A substantial portion of the literature on British mercantilism and its effects on the American colonies has focused on measuring the costs of economic burden of British mercantilist policies (Harper 1942, Thomas 1965, McCelland 1969, Walton 1971, Broeze 1973) and growth within the colonies (Mancall and Weiss 1999); however, to best of my knowledge, there has not been any studies that explicitly inquire into whether the colonists were better off being independent. In this paper I will attempt to fill this void. Building upon the estimates and results from prior literature, I argue that the combination of direct and indirect costs incurred in order to gain independence were overshadowed the gains from independence, making the colonists better off being a part of the British Empire in the short run.

The first section of the paper will discuss the gains to be obtained from independence by looking at the burdens of British mercantilist policies on the 13 Colonies. The second section will look into the costs incurred to obtain independence. The third and final section will discuss whether the 13 Colonies were better off under British rule in light of the results from the preceding sections.

I: Gains from Independence

Instigated by mercantilist imperatives, the British colonies in the Americas existed solely within the mercantilist framework where they were expected to serve the interest of the English nation and promote its wealth and power. As part of this mercantilist framework, the British attempted to regulate economic activity within the colonies, restricting colonial manufacturing in order to promote the export of British manufactures into the colonies (McCusker 1996). However, given that most of the manufacturing during the period took place in small settings – like households –  it was unfeasible to enforce restriction meaningfully on manufacturers in a cost-effective fashion. Even when it took place in larger settings – such as mills – restrictions were loosely enforced, exemplified by the fact that despite the further restrictions on iron production placed in 1750, 25 iron mills were established over the following 25-year span in the Pennsylvania and Delaware alone. In the end, the British regulations on the economic life of the colonists ended up being either superfluous, ignored, or inconsequential (Walton and Rockoff 2010), a minor nuisance at best.

For the British, the primary goal was promoting English trade and English merchants in the colonies while limiting others. Passed in mid-17th century, the Navigation Acts sought to minimize the role of foreign merchants in the colonies (McCusker 1996) would become the most economically consequential legislation enacted in the colonies (Thomas 1965).The greatest element of burden laid upon the colonists by the Navigation Acts came not from the taxes assessed, but instead from increased cost of shipment due to the provisions requiring England to be used as an entrepot (Harper 1942) thus increasing the cost of both imports and exports. Yet, even under exaggerated assumptions, the cost of British interference in colonial overseas trade via the Navigation Acts was at most 3% of the colonial GNP (McCelland 1969), illustrating the insignificance of burdens of British mercantilism.

Although the colonies clearly stood to gain economically from independence, they also stood to lose in other ways.
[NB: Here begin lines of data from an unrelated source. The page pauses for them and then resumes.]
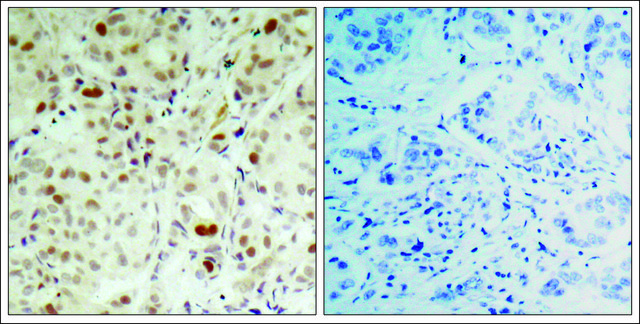 Anti-phospho-RB1 (pSer807) antibody produced in rabbit affinity isolated antibody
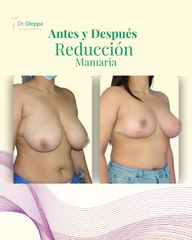 Aumento Mamario - Cirugía Plástica Dieppa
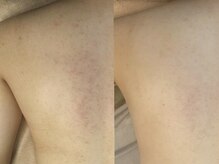 シュリー(Sriii)/背中のお手入れビフォーアフター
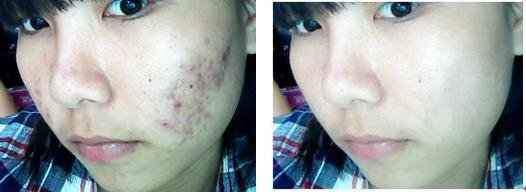 教你如何祛痘,有什么方法祛痘有效最快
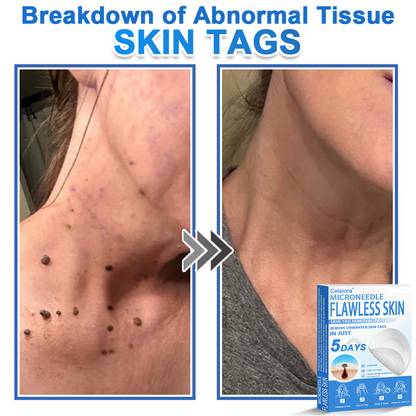 🗽Celsiora® 2-in-1 Microneedle & Hydrocolloid Patch | Raised Moles,Acne,  Flat Warts & Skin Tags Remover | Improves Wrinkles, Scars & Blemishes | Invisible Pimple Patches for Face & Body (Copy)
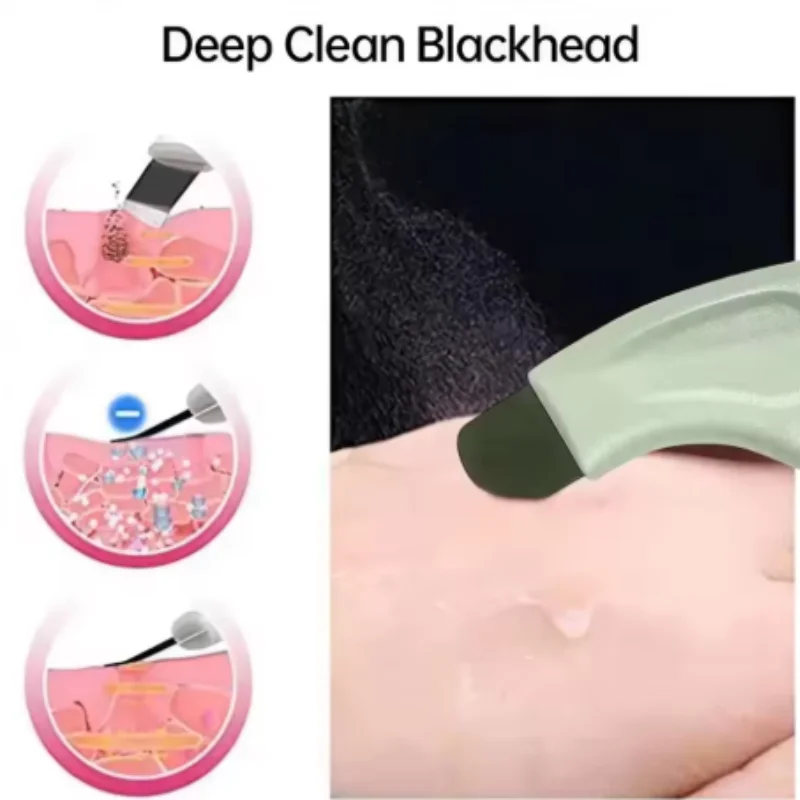 1/4pcs mix Stainless Steel Face New beauty shovel knife Nose Blackhead Deep Cleansing Skin Care Remover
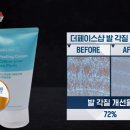 겟스마일 네이버블로그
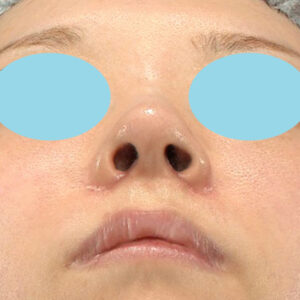 「耳介軟骨移植＋鼻尖縮小（close法）＋小鼻縮小+α＋貴族手術」　新宿ラクル美容外科クリニック　３０代女性　手術後１ヶ月目　１０月２１日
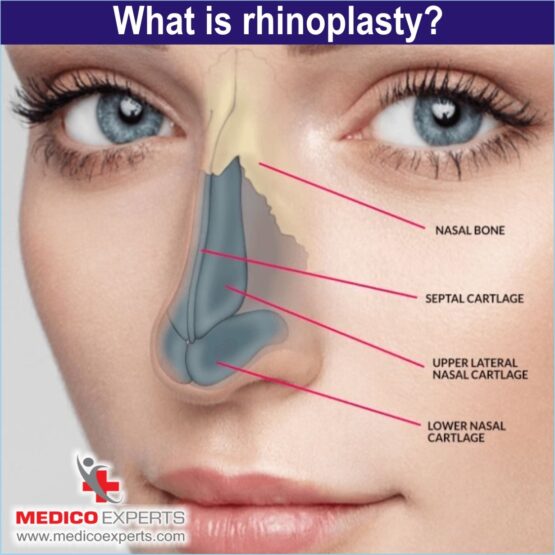 Rhinoplasty Surgery, best rhinoplasty surgery in india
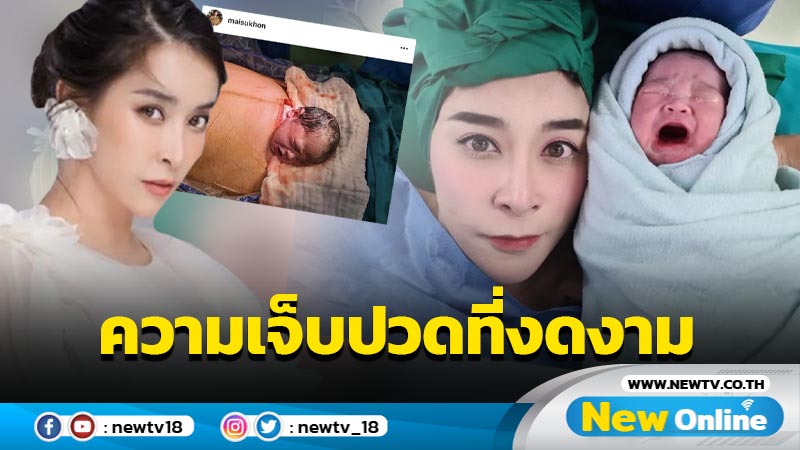 ตื้นตัน “ใหม่” เปิดภาพแรกคลอด “น้องชีต้าร์” ความเจ็บปวดที่แสนงดงาม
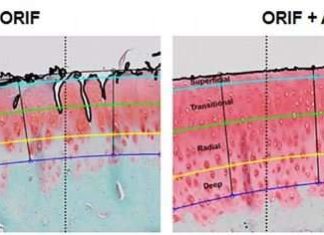 Acute treatment suppresses posttraumatic arthritis in ankle injury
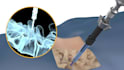 create3d medical device animation spine surgery orthopedic implant visualization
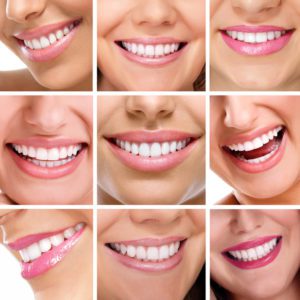 Invisalign in Dubai- Cost - Deira Dental Clinic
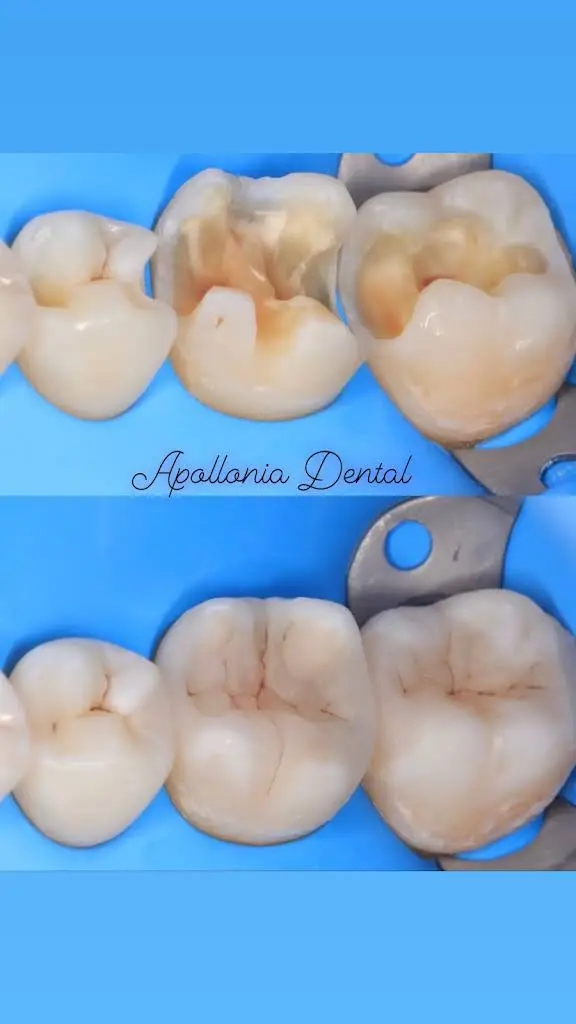 Apollonia Dental Services LLC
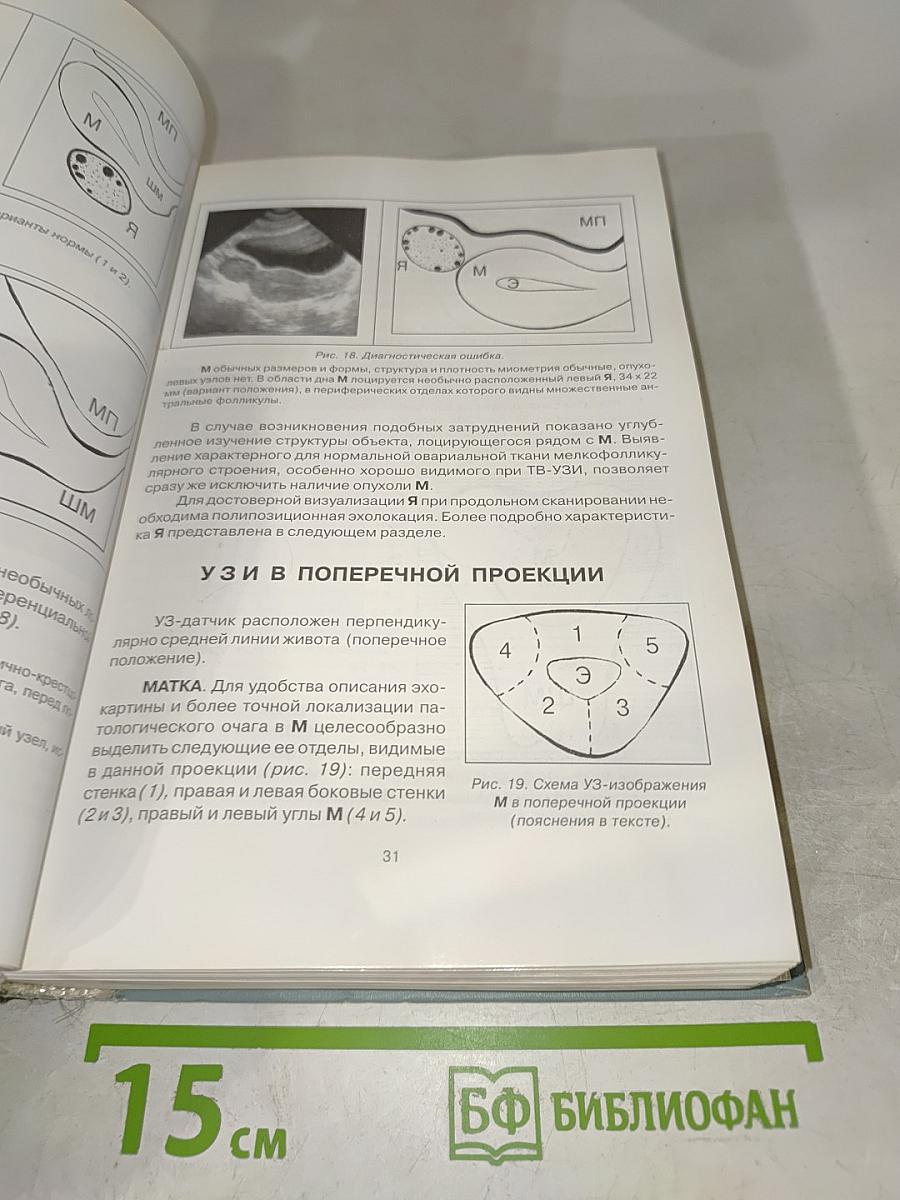 УЗИ в гинекологии. Симптоматика, диагностические трудности и ошибки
The subordinate position of the colonies to the British metropole within the mercantilist framework does imply that the British were sole beneficiaries of this relationship. Despite their subordinate position, the colonists benefited from British rule by receiving subsidies and imperial protection. As Nettels (1952) and Thomas (1965) points out, the benefit of the British imperial protection were by far the greatest before 1763 since prior the expulsion of the French and Spanish from the Americas following the Seven Years’ War, the only other realistic alternative to British rule was domination by another European colonial power, most likely Spain or France. Even though the threat of French or Spanish invasion seceded following the Seven Years’ War, the colonies still benefited from the naval protection of the British royal navy. In addition to the military protection, the colonists also received bounties on goods such as tobacco, rice, and indigo which were perceived to be strategic by the British, helping sustain production that have otherwise been infeasible (Harper 1942).
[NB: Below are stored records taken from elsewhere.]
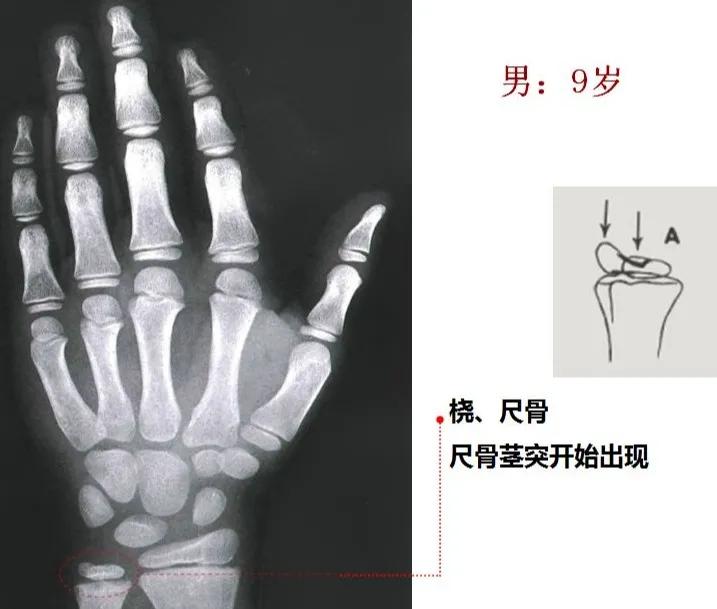 孩子个子高却跑不快,小孩个头不高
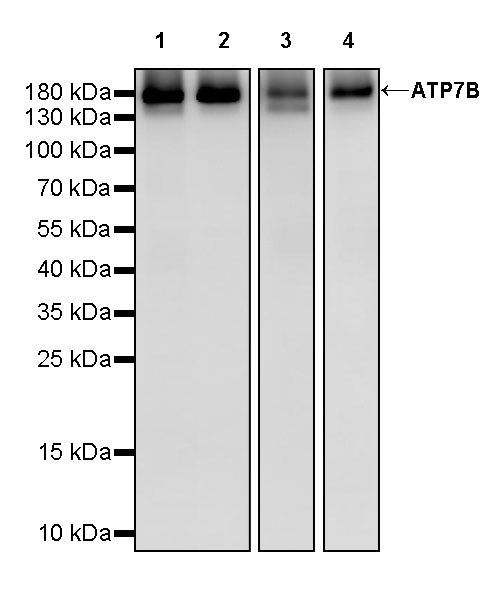 ATP7B Recombinant Rabbit mAb (S-2827-58)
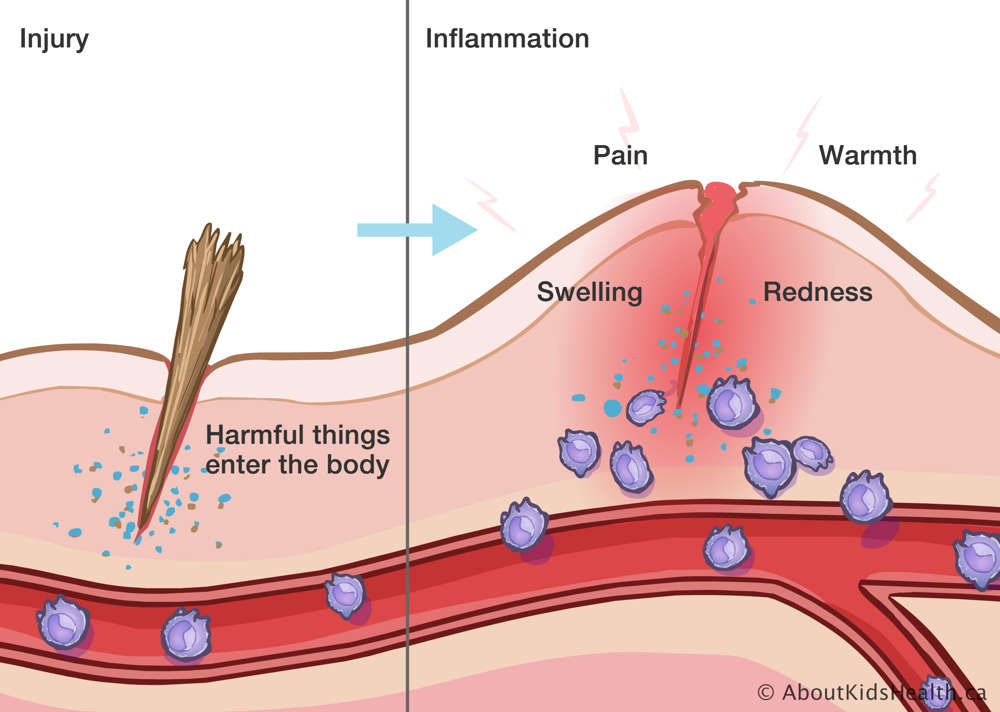 Splinter in the skin causing pain, warmth, redness and swelling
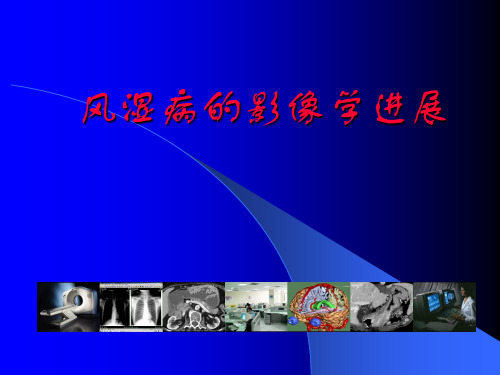 精品推荐医学影像诊断PPT课件图文详解完整版-风湿病影像学进展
Given that the colonists both benefited and suffered from the British rule, we need to look at the net burdens incurred in order to determine the gains from independence. Estimates by Thomas (1965), summarized in Table 1, suggest that the net burdens of British rule averaged to be $480,000 per year over the decade between 1763-1772 and $885,000 for the single year of 1770, which corresponds to $0.26 per capita per year and $0.42 per capita per year respectively. Under the most pessimistic estimates for average per capita income estimates for the period of 1763-1772  – which Walton (1971) suggests being as low as $65 –  the net per capita burden of British mercantilism equates to be 0.4% of average per capita income. To put it in other words, under the most pessimistic income estimates, the colonists stood to increase their per capita income by 0.4% if they break free of the British Empire.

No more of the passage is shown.